[Image above] Electron micrograph of a MAX phase material. MAX phases demonstrate high-temperature corrosion and oxidation resistance, which give them a lot of potential in several industries, including nuclear power and aerospace propulsion systems. Credit: Miladin Radovic, Texas A&M Engineering
On Tuesday, we highlighted recent work being done on MAX phases, a class of layered ceramic materials not often covered on CTT. These materials exhibit both high-temperature corrosion and oxidation resistance, which makes them ideal candidates for use in several industries, including nuclear power and aerospace propulsion systems.

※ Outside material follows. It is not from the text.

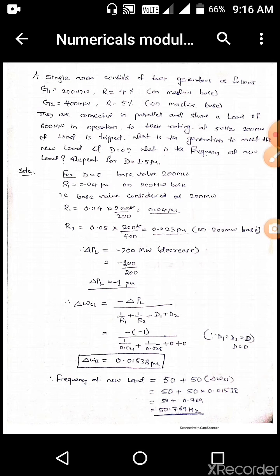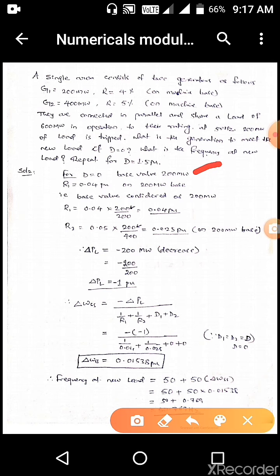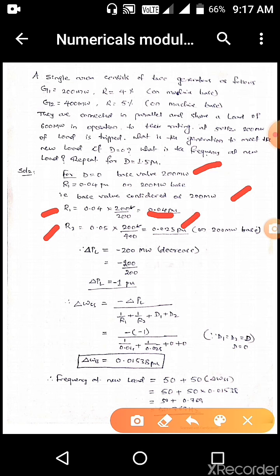Now we can start solving this problem. For D equal to 0, we take the base value as 200 megawatt. R1 is equal to 0.04 on a 200 MVA base. We calculate R1 and R2: R1 is equal to 0.04 into 200 divided by 200, giving 0.04 PU. Similarly, R2 is equal to 0.05 into 200 divided by 400, giving 0.025 PU on 200 MW base.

MAX phase materials have the general formula Mn+1AXn, where M is a transition metal (toward the left-hand side of the periodic table), A is a metalloid (edging into the left-hand transition metals and heavy metals), and X is carbon or nitrogen. Researchers have studied more than 150 compositions with this general formula to date, with a big focus on ones containing titanium. (Studies on the Cr–Al–C system are slowly accumulating as well, as the Tuesday CTT showed.)
The number of known MAX phases continues to increase regularly thanks to a combination of experimental works and theoretical calculations. However, not all possible compositions are thermodynamically stable—at elevated temperatures and under oxidizing conditions, many MAX phases undergo detrimental self-sustaining oxidation reactions that result in catastrophic loss of mechanical integrity.
Because the oxidation process is complex, it is both difficult and expensive to model or characterize the process with current computational and experimental methods, thus slowing the process of identifying desirable MAX phases. Fortunately, a recent open-access article by researchers at Texas A&M University describes a new computational tool that can vastly speed up the process.
The researchers are led by materials science and engineering professors Raymundo Arróyave and Miladin Radovic. In a Texas A&M press release, Arróyave explains why density functional theory, an established physics-based mathematical model frequently used to explain materials phenomena, struggles to evaluate the properties of MAX phases at different temperatures.
“These calculations scale very poorly,” he says. “For perspective, if we want to use density functional theory to calculate the properties of a candidate material at the lowest temperature of zero kelvins, that is at the ground state, it might take about a day of computational time. But now, if you want to calculate the same properties at a finite temperature, say 1000 kelvins, it can take weeks.”
In addition, predicting the behavior of materials when exposed to oxygen at elevated temperatures further complicates the situation and can cause density functional calculations that account for oxidation to take months or even longer, Arróyave adds.
To speed up the time it takes to model oxidation of different MAX phases at high temperatures, some studies have demonstrated that augmenting density functional calculations with machine learning and experimentally acquired information can quickly and accurately improve predictions. So, the researchers of the new study decided to augment density functional calculations using an emerging machine learning method called sure independence screening and sparsifying operator (SISSO) in combination with a computational thermodynamics technique called grand-canonical linear programming (GCLP).
In an email, Arróyave says they chose SISSO as their machine learning model because of its ability to clearly demonstrate connections between inputs and outputs. “Typically, machine learning models are more like ‘black boxes,’ with very unintuitive connections between inputs and outputs,” he says. “On the other hand, SISSO allows you to create models that can be written as a function of intrinsic materials properties. The outcome of such a model is an equation that can be explicitly written and then shared to anyone.”
To test their approach, the researchers first extracted data from a couple of external databases and performed density functional calculations to determine a few fundamental properties of MAX phases at zero kelvins. Then, they gathered this information into an internal database and input the data into the machine-learning-based scheme to determine the most stable compounds for a given temperature and a certain MAX phase composition.
The high-throughput predictions given by the machine-learning-based model for several MAX phases—Ti2SiC, Ti2AlC, and Cr2AlC—compared well with values determined via oxidation experiments, thus establishing “the generality of the scheme … [and] strength of our framework.”
For the minor disagreements that did arise between theory and experiment, the researchers say it is likely due to not including all possible non-stoichiometric compounds, ternary-oxides/oxycarbides, and/or contributions from kinetics in the model. “However, keeping the complexity of the problem in mind, the proposed scheme provides good quantitative agreement with experiments,” they emphasize.
Arróyave says they are working with colleagues who have expertise in artificial intelligence and machine learning to develop more robust frameworks capable of building more complex models than SISSO, which they will use to design novel alloys. “We are also using the same approach that we used in this paper to predict how other materials oxidize when exposed to high temperatures and oxidizing environments,” he adds.
The open-access paper, published in npj Computational Materials, is “High-throughput reaction engineering to assess the oxidation stability of MAX phases” (DOI: 10.1038/s41524-020-00464-7).